● **Work required**: Beginning with the line that holds "Brixton Everyday Vintage", copy each line to the end of the records exactly, except the pictures.

● **Web page caption snippets**:
* * *
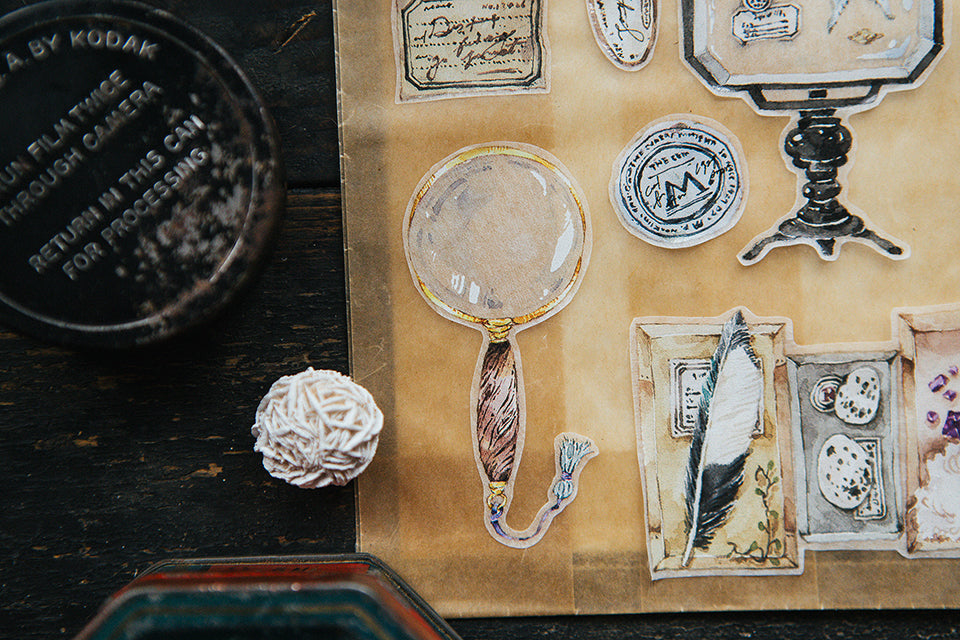 Collections of Museum Masking Tape
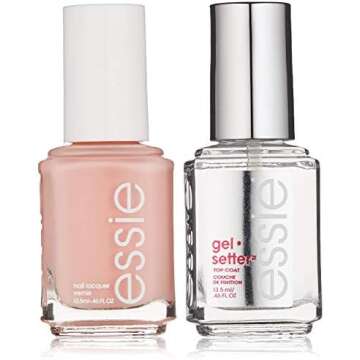 Top Coat and Base Coat Favorites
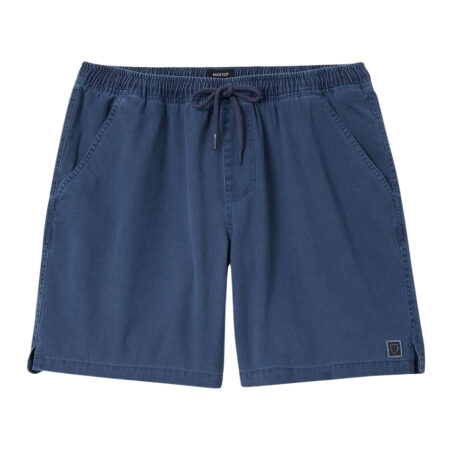 Brixton Everyday Vintage Wash Short - Washed Navy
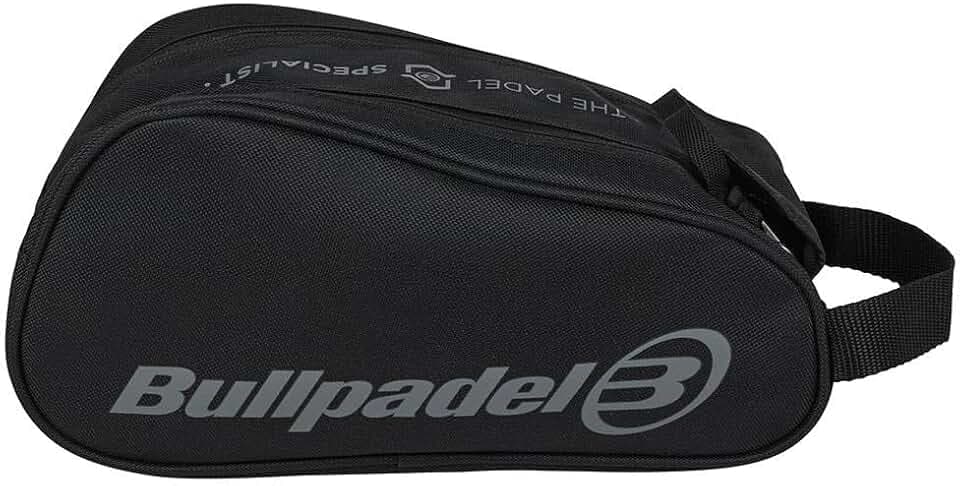 Bullpadel Beauty Case D.case Nero Bpnex008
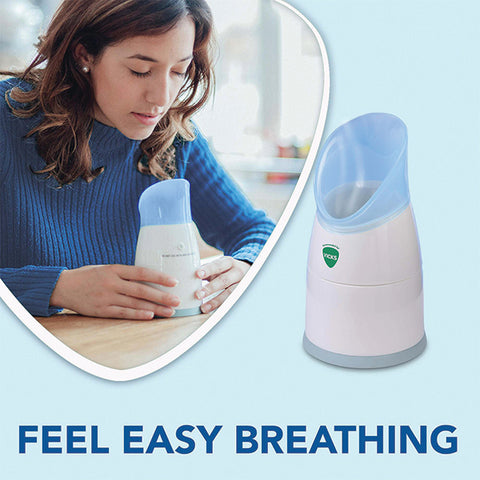Vicks V1300, Portable Steam Inhaler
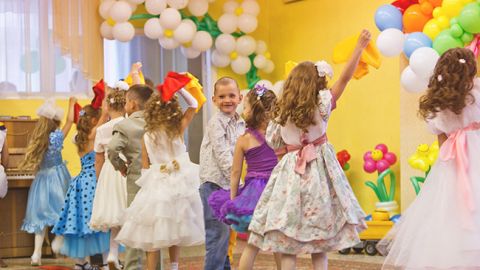 У дитячому садку Закарпаття спалахнув релігійний скандал (відео)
* * *
● **Task answer**:
 Brixton Everyday Vintage Wash Short - Washed Navy
 Bullpadel Beauty Case D.case Nero Bpnex008
Vicks V1300, Portable Steam Inhaler
 У дитячому садку Закарпаття спалахнув релігійний скандал (відео)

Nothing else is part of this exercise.